Network & API

Configure how IntenseRP listens for incoming requests from SillyTavern and other clients. These settings control the port, network accessibility, and authentication.

Server Port

The port number where IntenseRP's API server listens for requests. Default is 7777.

Settings → API Server → Access → Server Port

Changing the Port

If port 7777 is already in use by another application, just pick a different one. Common alternatives are 8080, 3000, or any number between 1024 and 65535.

Update SillyTavern Too

If you change the port here, don't forget to update your SillyTavern endpoint to match:

http://127.0.0.1:YOUR_PORT/v1

Allow Local Network Access

By default, IntenseRP only accepts connections from your own computer (localhost / 127.0.0.1). Enable LAN availability to let other devices on your network connect.

Settings → API Server → Access → Allow Local Network Access

When to Use This

Running SillyTavern on a different machine (like a phone or tablet)
Sharing your IntenseRP instance with others on your home network
Using a remote desktop or VM setup

How It Works

Setting	Server Binds To	Who Can Connect
Off (default)	`127.0.0.1`	Only this computer
On	`0.0.0.0`	Any device on your network

Finding Your IP

To connect from another device, you'll need your computer's local IP address. On most networks this looks like 192.168.x.x or 10.x.x.x.

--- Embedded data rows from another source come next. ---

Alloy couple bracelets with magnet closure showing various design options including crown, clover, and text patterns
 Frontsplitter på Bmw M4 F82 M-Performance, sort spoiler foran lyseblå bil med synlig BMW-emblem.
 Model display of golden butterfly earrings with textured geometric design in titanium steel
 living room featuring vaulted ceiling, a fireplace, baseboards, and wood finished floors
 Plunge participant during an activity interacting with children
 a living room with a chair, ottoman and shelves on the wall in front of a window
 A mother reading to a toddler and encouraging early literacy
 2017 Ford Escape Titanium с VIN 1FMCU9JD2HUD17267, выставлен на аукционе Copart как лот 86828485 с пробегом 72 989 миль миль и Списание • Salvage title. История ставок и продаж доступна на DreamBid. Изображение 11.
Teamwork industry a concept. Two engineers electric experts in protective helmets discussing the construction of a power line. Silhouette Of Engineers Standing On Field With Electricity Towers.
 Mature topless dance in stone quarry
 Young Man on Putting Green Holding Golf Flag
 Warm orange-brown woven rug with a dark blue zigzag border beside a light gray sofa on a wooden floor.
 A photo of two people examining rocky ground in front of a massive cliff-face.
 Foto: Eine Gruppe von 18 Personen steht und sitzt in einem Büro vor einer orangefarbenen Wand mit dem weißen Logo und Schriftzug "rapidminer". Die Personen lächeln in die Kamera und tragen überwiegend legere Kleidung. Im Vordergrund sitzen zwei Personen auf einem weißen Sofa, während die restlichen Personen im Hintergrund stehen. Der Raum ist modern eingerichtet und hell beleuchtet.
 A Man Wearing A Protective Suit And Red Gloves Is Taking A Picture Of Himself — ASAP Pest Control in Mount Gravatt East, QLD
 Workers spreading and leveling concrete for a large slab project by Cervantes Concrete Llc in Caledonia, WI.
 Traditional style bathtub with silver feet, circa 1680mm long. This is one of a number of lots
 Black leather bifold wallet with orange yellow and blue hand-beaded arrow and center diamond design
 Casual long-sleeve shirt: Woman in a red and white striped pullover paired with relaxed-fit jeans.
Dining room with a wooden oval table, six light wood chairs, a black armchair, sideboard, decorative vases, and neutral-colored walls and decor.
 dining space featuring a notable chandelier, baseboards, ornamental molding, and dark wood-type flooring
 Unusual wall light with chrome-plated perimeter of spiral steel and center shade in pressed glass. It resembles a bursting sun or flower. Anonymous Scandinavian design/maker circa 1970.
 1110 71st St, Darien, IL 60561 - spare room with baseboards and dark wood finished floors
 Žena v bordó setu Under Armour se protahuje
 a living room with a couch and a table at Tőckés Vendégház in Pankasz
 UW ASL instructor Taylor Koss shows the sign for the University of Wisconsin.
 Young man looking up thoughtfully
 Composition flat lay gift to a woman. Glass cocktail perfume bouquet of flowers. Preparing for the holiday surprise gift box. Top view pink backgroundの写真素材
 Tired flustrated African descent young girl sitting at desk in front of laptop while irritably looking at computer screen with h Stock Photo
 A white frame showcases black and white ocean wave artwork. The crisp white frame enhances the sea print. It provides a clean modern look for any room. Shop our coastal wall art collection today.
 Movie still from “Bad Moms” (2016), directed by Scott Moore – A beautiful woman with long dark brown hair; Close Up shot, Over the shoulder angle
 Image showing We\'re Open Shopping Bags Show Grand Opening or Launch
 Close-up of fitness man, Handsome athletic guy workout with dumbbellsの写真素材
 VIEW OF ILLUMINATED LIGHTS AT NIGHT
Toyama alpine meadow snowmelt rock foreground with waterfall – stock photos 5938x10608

Show the Server Address in Logs

If Show the Server Address in Logs is enabled (see below), IntenseRP automatically logs all server addresses to the console when it starts - including your LAN IP. No need to run ipconfig or ip addr.

Windows Linux

Open Command Prompt and run:

ipconfig

Look for "IPv4 Address" under your active network adapter.

Open a terminal and run:

ip addr

Or:

hostname -I

Then use that IP in your client's endpoint:

http://192.168.1.100:7777/v1

Security Note

Enabling LAN access means anyone on your local network could potentially use your IntenseRP instance. Consider enabling API keys (below) if you're on a shared network.

Show the Server Address in Logs

When enabled, IntenseRP prints the server address(es) to the console each time the API server starts. This is on by default.

Settings → API Server → Access → Show the Server Address in Logs

With Allow Local Network Access off, you'll see:

Server running at http://127.0.0.1:7777

With Allow Local Network Access on, all detected local IPv4 addresses are printed as well:

Server running at http://127.0.0.1:7777
Server running at http://192.168.1.100:7777

Disable this if you'd rather not have the address logged on every start.

Dry Run Mode

Dry Run Mode starts the API server without opening a provider browser. It's for checking what your client is actually sending before IntenseRP tries to drive a provider page.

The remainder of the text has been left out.